* [Directions] Write out again the lines from the line with "stain resistant bibs" up to and including the line with "HOT WHEELS 2022 PAGANI ZONDA R", exactly as they stand below, and skip any picture.

* [Extracted information]
Content starts

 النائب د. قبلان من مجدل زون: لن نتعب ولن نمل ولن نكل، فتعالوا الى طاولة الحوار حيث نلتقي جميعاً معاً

Content ends
Content starts

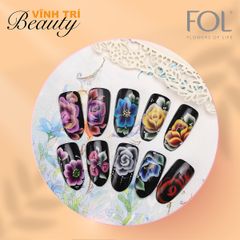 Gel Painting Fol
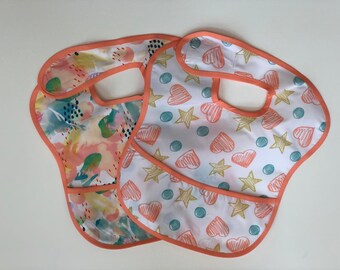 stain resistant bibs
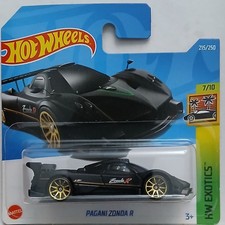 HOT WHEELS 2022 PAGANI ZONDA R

Content ends

* [Solution below]
 stain resistant bibs
 HOT WHEELS 2022 PAGANI ZONDA R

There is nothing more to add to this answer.